[DATA FOR PROCESSING]
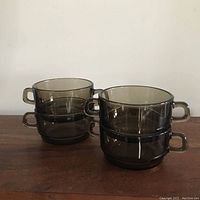 Four stacked vintage smoked glass dishes with handles, showing smoky gray tint and smooth glass finish.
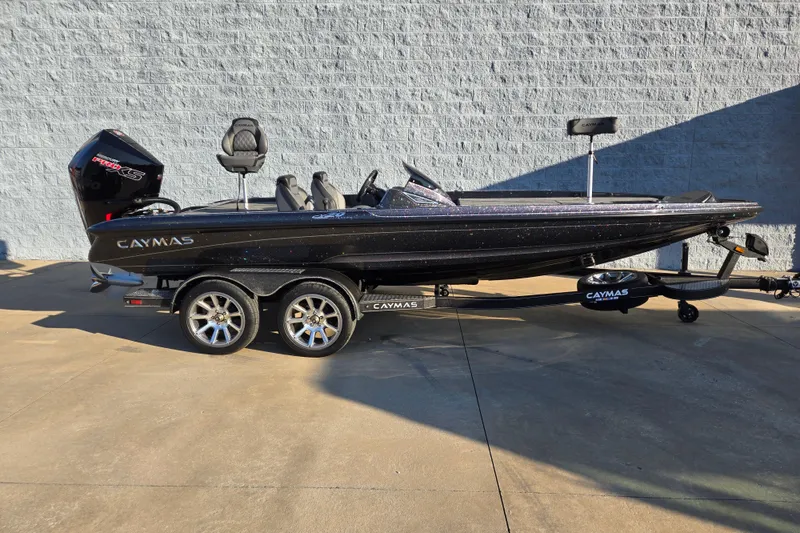 The Image of 2026 Caymas CX 20 PRO bass boat on trailer, side view in sunlight. - 1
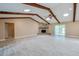 Spacious living room with vaulted ceilings, wood beams, fireplace, and an open design, seamlessly connecting to other living spaces at 949 Tall Pine Dr, Port Orange, FL 32127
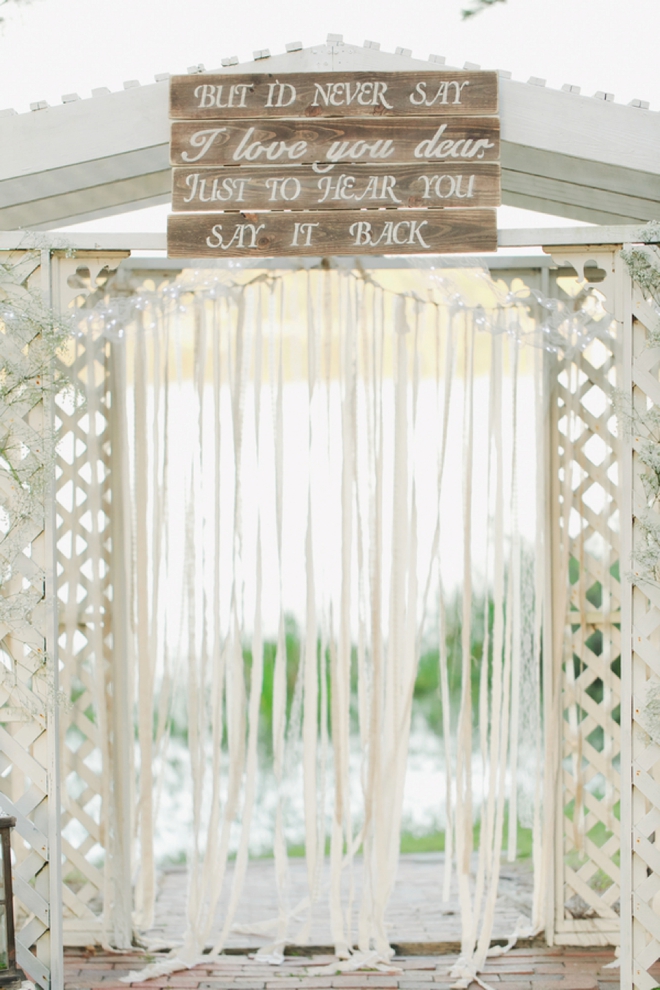 Ceremony backdrop with hand-painted sign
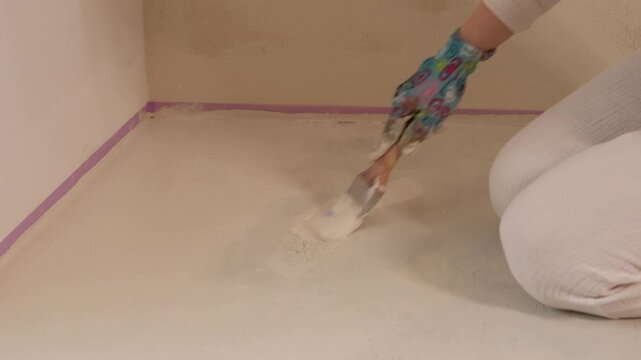 A worker kneels on the floor, dips a brush into a paint tray, and applies primer along the edge near a wall marked with tape.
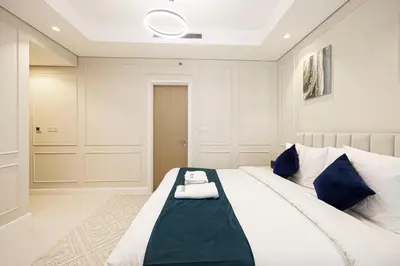 a bedroom with a large white bed with blue pillows at Boulevard 2 Bedroom Family Apartment with BURJ KHALIFA view and INFINITY POOL in 64th Floor Dubai Downtown in Dubai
[/DATA FOR PROCESSING]
» **REQUIRED ACTION**: Could you reproduce the listing above exactly and drop every picture?

» **TASK SOLUTION**:
 Four stacked vintage smoked glass dishes with handles, showing smoky gray tint and smooth glass finish.
 The Image of 2026 Caymas CX 20 PRO bass boat on trailer, side view in sunlight. - 1
 Spacious living room with vaulted ceilings, wood beams, fireplace, and an open design, seamlessly connecting to other living spaces at 949 Tall Pine Dr, Port Orange, FL 32127
 Ceremony backdrop with hand-painted sign
 A worker kneels on the floor, dips a brush into a paint tray, and applies primer along the edge near a wall marked with tape.
 a bedroom with a large white bed with blue pillows at Boulevard 2 Bedroom Family Apartment with BURJ KHALIFA view and INFINITY POOL in 64th Floor Dubai Downtown in Dubai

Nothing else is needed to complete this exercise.